Tuesday, July 28, 2009

When the words won't come, there is only me, looking serious:



And processing through this weird week. Wait - isn't it only Tuesday??

Here are my random, non-serious thoughts...

* I bought my cat a cat toy tonight that squeaked and carried on like the brave, fake mouse that it is. It rolled down the conveyor belt, next to my new makeup and a six-pack of beer and I thought about what a strange woman I must look like - the beer-drinking cat lady who loves alot of new eye shadow ;) The check-out girl didn't card me, just looked at me, not believing for one minute that I am over 21 - much less 28 - and raised an eyebrow at me as I walked out the door. With my cat toy squeaking all the way.

* I still am holding on to my weight loss even though I am doing my best to sabotage this it seems =) I will do things like eat cucumbers and broccoli for snacks, and then eat french fries for dinner...I am so weird.

* I'm watching the Duggars on TLC right now. They have 18 kids, and the mother is so nurturing that I sort of want to move in with them and lay on their couch while she fusses over me and brings me soup. Because that's what she needs, right? An overgrown kid in her house to wait on?

* I miss LOST and really wish it were 2010 and it can come back

* I am not looking forward to August...it always seems to be my worst month. It's so damn hot, and has been hot forever, with no end in sight. But this year is a little bit different, since it's been cool alot this July. It's kind of strange and makes me think I'm going to be wearing shorts on Christmas day.

* When I start talking about the weather, it's time for bed.

Good night, all. Please excuse the squeaking cat toy :)

Saturday, July 18, 2009

What is this day?

I just said that to myself as I felt a cool breeze blast me on my way to the couch, on its way in through my screen door.

It's cold. Yes - a cold day in July! Well, it's about 65 degrees, but that's freezing in the south/midwest (sometimes we suffer from an identity crisis) state of Kentucky in the middle of July in the middle of the afternoon.

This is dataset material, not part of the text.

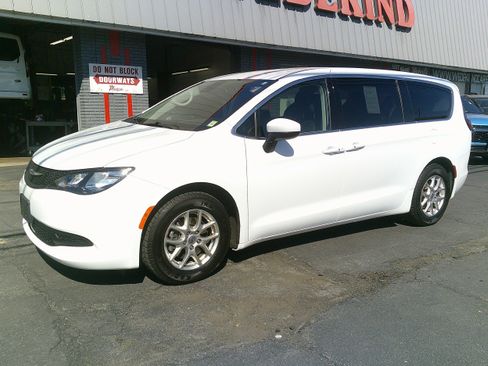 Used 2023 Chrysler Voyager LX FWD image 11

My day didn't quite turn out as planned. I was supposed to go "home", about an hour & a half south of where I live, and where I spend alot of time on the weekends. Various things were happening, and then canceled, and then rearranged. I had a somewhat stressful conversation with my mother and by the time it was done, and the clock had struck noon, I decided a day at my own home was in order.

I walked for three miles in the cool air and it was so fresh and clean in the sky that the blue almost looked like a bright blue swimming pool. I don't think I've seen colors that vivid since the fall and the clouds were luscious and huge and I couldnt think of a better day to be outside. When I walk, I usually listen to podcasts on my ipod and today I listened to a couple of my favorites, Bob & Sheri. They make me laugh almost the entire time so I usually walk along the path of the aboretum, grinning like an idiot and I'm sure the other people think I'm laughing at the voices in my head.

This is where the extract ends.